On my last hitch to Lyman I hiked nine miles from Holden Village to finish a few projects in this usually low-travelled area, now more heavily trafficked by PCT hikers on a re-route circumventing the Bannock Lakes Fire. For five days I filled my time cleaning drains, putting up signs to protect sensitive riparian shores from camping, and hiking the trails around Cloudy Pass, Upper and Lower Lyman lakes, offering information and advice to passing hikers as needed.
As I found myself on the tail end of a persistent two-day downpour, reviving my socks from frozen rigor via frying pan before putting them on, I was struck by the multiplicity of these mountains. How the range of experiences I’ve had over these past five months can all be simultaneously true to the same slice of Washington geography: building trail through the Domke Mountain burn area littered with snags and many inches deep in ash (and leaving with the dirt-stache to prove it); learning to navigate the boulder field that leads to Upper Lyman lakes at first mostly covered in snow and then not at all; pointing sweaty hikers to my favorite swimming spot below Cloudy Pass and later suggesting sleeping bag layering techniques; finding my lunch tortillas fried to a crisp from baking in a car during Chelan’s 110 degree heat; and trying my hand at a few glissading steps while descending the Spider glacier.
I have learned to point that same kaleidoscope lens at myself and appreciate its multiple views. We are products of the natural world and so also multitudinous, although we are sometimes reluctant to think so. When I was eleven I refused to step foot in the kitchen in an impassioned one-tween revolt against gender roles. A feminist who fulfilled female stereotypes could not exist in my premature understanding of equality.

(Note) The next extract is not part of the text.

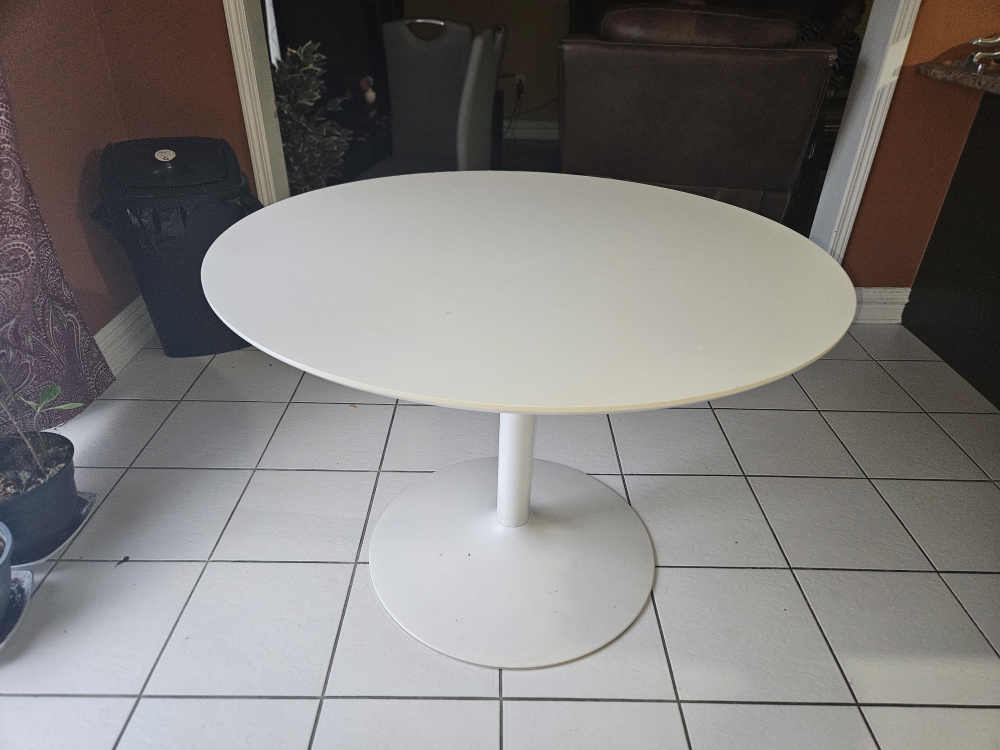 White Round Pedestal Dining Table - photo 3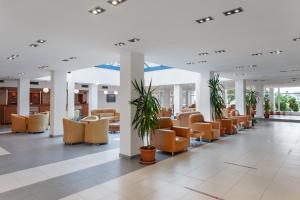 萨图恩塞雷纳酒店的医院里的一个等候区,有橙色椅子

Today I look forward to the days I can spend an afternoon mulling over new recipes and tweak my backcountry meal plans. And I am learning that being a cis-gender woman working in what is in this country’s post-colonial corner of history considered a male dominated field can present both nuance and beauty as well as certain hurdles. Thankfully, my idea of female empowerment has evolved to embrace contradictions rather than rejecting qualities that could be perceived as weakness, even when the only jury is the sixth grader in my head. In a kaleidoscope view, contradiction is simply another word for variety, just like larches can be appear evergreen or brilliantly yellow depending on your timing, neither of these being any more or less the tree’s true color.
I’ll swing tools and dig tread all day and sometimes bring a knitting project to fill downtime in my tent. On weekends, chances are practically equal of finding me sweating through a hike or practicing needlework on spare scraps of cloth. I can’t always muscle a log out of the trail in the manner of my more experienced coworkers, or one naturally endowed with more upper body strength, but I can get it done with patience and technique tailored to my ability. Sometimes this last truth drives my inner eleven-year-old to infuriated frustration, but the adult knows that to be a happy human on this planet it is part of the deal to accept and even love the things we cannot change.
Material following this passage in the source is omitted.